» **Extracted information**
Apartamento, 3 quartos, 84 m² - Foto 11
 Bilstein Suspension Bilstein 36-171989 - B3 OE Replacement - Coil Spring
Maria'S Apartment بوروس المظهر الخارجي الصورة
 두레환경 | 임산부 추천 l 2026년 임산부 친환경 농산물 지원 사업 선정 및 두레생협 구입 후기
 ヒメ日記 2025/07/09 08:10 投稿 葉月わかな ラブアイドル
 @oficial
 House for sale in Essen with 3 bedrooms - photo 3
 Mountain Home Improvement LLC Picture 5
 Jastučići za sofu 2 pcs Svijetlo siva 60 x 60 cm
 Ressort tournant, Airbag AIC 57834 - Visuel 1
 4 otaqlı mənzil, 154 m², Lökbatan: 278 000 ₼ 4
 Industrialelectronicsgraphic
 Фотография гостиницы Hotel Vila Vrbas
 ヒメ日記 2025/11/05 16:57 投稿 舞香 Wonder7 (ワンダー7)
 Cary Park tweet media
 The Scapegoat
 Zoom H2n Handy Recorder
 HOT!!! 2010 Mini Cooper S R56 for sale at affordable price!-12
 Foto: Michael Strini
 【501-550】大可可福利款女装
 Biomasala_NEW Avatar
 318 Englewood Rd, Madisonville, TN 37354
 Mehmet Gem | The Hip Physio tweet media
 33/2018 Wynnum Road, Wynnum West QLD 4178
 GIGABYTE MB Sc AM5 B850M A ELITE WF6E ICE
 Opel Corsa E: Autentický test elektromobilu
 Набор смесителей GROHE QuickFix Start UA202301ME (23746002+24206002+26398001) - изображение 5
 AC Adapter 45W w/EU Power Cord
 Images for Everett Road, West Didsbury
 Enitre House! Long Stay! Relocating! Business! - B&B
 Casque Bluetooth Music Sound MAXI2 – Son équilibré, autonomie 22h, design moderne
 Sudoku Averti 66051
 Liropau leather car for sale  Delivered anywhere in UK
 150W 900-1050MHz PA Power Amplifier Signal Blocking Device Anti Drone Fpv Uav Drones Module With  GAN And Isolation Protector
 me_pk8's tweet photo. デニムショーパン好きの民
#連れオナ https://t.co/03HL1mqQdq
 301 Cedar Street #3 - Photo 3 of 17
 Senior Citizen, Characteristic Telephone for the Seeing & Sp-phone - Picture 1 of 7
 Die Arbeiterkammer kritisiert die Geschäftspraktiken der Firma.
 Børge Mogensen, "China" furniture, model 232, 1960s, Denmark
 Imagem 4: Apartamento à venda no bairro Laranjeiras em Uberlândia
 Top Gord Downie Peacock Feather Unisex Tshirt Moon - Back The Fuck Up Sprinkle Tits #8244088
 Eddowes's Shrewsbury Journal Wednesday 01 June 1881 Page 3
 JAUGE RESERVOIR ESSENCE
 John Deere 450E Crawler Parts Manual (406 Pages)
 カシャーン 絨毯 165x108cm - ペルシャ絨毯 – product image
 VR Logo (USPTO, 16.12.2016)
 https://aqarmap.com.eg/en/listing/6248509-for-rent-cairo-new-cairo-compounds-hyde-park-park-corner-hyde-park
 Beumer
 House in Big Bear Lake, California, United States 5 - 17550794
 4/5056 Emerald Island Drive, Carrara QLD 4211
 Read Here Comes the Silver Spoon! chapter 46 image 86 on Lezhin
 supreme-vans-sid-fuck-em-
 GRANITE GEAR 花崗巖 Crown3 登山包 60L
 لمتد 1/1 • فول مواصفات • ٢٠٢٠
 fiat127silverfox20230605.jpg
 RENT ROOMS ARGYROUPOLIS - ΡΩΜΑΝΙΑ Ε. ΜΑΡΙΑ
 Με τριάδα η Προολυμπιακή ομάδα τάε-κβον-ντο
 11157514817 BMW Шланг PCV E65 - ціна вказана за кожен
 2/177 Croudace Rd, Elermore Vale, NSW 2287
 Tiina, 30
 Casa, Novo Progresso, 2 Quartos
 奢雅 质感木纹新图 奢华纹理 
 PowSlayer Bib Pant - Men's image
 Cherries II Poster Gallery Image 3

» **Exercise objective**
Return exactly the lines that run from the top of the listing above to the line containing "Jastučići za sofu", please, keeping both end lines and leaving out everything else.

» **Solution to this problem**
Apartamento, 3 quartos, 84 m² - Foto 11
 Bilstein Suspension Bilstein 36-171989 - B3 OE Replacement - Coil Spring
Maria'S Apartment بوروس المظهر الخارجي الصورة
 두레환경 | 임산부 추천 l 2026년 임산부 친환경 농산물 지원 사업 선정 및 두레생협 구입 후기
 ヒメ日記 2025/07/09 08:10 投稿 葉月わかな ラブアイドル
 @oficial
 House for sale in Essen with 3 bedrooms - photo 3
 Mountain Home Improvement LLC Picture 5
 Jastučići za sofu 2 pcs Svijetlo siva 60 x 60 cm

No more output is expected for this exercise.